Innanzitutto ringrazio il Meeting di Rimini per l’invito e per l’attenzione che ha verso il cinema. L’idea è nata in modo molto semplice: l’ordine delle Adoratrici Perpetue aveva l’esigenza di far conoscere la Beata Maria Maddalena con un film. Abbiamo conosciuto le monache responsabili, si è instaurato un feeling e abbiamo realizzato il film. La consulenza di suor Gloria Riva è stata poi fondamentale sul set con le attrici. Un esempio: come inginocchiarsi o come recitare le preghiere in coro.
Un film controtendenza, non commerciale.
Un film non per far cassetta o denaro, ma per esprimere e affermare qualcosa di bello. I maestri del cinema ci hanno insegnato che si possono realizzare dei grandi film partendo da ciò che si ha da dire.
Mi sembra che sia diventato un film motivato da una passione (non riesco a finire la frase).
Film realizzato con passione in maniera tassativa! La protagonista, Silvia Ferretti, si è immedesimata totalmente, ha dormito per cinque notti in convento, ha recitato con le monache il mattutino e poi si presentava sul set. Lei ha colto che la Beata Caterina era innamorata di Gesù e lo ha espresso con la sua recitazione.
Il cinema è una forma d’espressione artistica, mi permetta: questo film introduce una bellezza che mi sembra arte pura…

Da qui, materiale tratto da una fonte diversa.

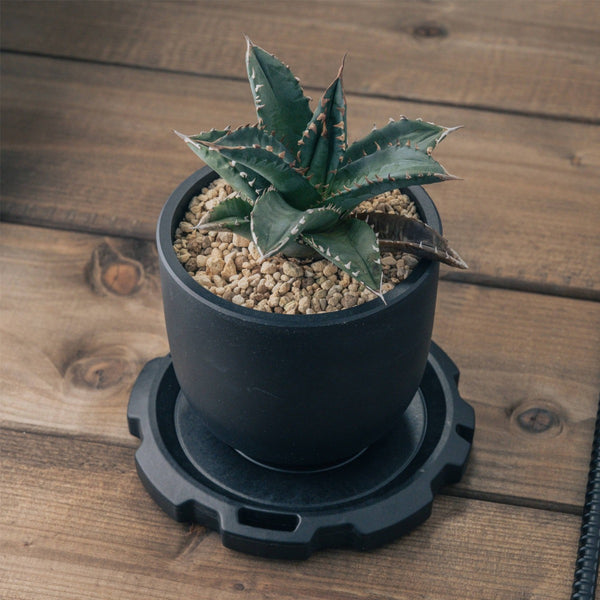 MIGRATRAIL ( ミグラトレイル ) VARIANT STAND バリアントスタンド | 薪割り | アウトドア用品 | アウトドア | キャンプ | キャンプ用品 | ブラック | シンプル | 薪割りスタンド | G6403 | みぐらとれいる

Il cinema è arte quando va direttamente al cuore. Abbiamo realizzato due ore di film che parla, che dice qualcosa, senza ingannare nessuno. È un film sincero, artistico, un lavoro artistico di poesia. Al tempo stesso artigianale nel senso buono del termine: abbiamo lavorato sui primi piani, sui volti, sugli sguardi come espressione di un significato anche estetico che riconduca alla essenzialità del contenuto del film. Di fatto abbiamo cercato di limitare al minimo, pere non dire annullare, il sentimentalismo.
In Italia chi produce film cerca di andare sul sicuro, vuole guadagnare, basta vedere i casi di Checco Zalone o Bisio e poi si arena producendo con 20 milioni di euro il Baaria di Tornatore.
C’è bisogno di produttori che si innamorino di storie, di racconti e investano. Questo film è stato realizzato con 400.000 dollari messi a disposizione dall’Ordine, abbiamo lavorato per tre settimane consecutive realizzando 164 scene con 42 attori e 80 comparse. Tutto in costume. Per chiunque del ramo poteva sembrare una follia: la sfida l’ho raccolta insieme agli attori, alla troupe e il risultato si vede.